The pythonpkg depends on PythonLibs
, and pybind11
, for some reason PythonLibs
can not be found by clang-tidy when generating the compile_commands.json
file
So the reason for clang-tidy failing is likely that there is no entry for a file in the compile_commands.json
, check the CMakeLists to see why cmake did not register it.
Helpful information:
clang-tidy
is not a standard binary on MacOS, and can not be installed with brew directly (doing so will try to install clang-format, and they are not the same thing)
Instead clang-tidy is part of llvm
, so you'll need to install that (brew install llvm
), after installing llvm you'll likely have to add the llvm binaries folder to your PATH variable to use clang-tidy
For example:
export PATH="$PATH:/opt/homebrew/Cellar/llvm/15.0.2/bin"

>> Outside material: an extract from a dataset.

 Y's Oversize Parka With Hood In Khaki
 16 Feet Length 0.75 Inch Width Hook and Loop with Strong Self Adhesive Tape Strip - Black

What are py::objects and a py::handles??
These are classes provided by pybind11, the library we use to manage our interaction with the python environment.
py::handle is a direct wrapper around a raw PyObject* and does not manage any references.
py::object is similar to py::handle but it can handle refcounts.
I say can because it doesn't have to, using py::reinterpret_borrow<py::object>(...)
we can create a non-owning py::object, this is essentially just a py::handle but py::handle can't be used if the prototype requires a py::object.
py::reinterpret_steal<py::object>(...)
creates an owning py::object, this will increase the refcount of the python object and will decrease the refcount when the py::object goes out of scope.
When directly interacting with python functions that return a PyObject*
, such as PyDateTime_DATE_GET_TZINFO
, you should generally wrap the call in py::reinterpret_steal
to take ownership of the returned object.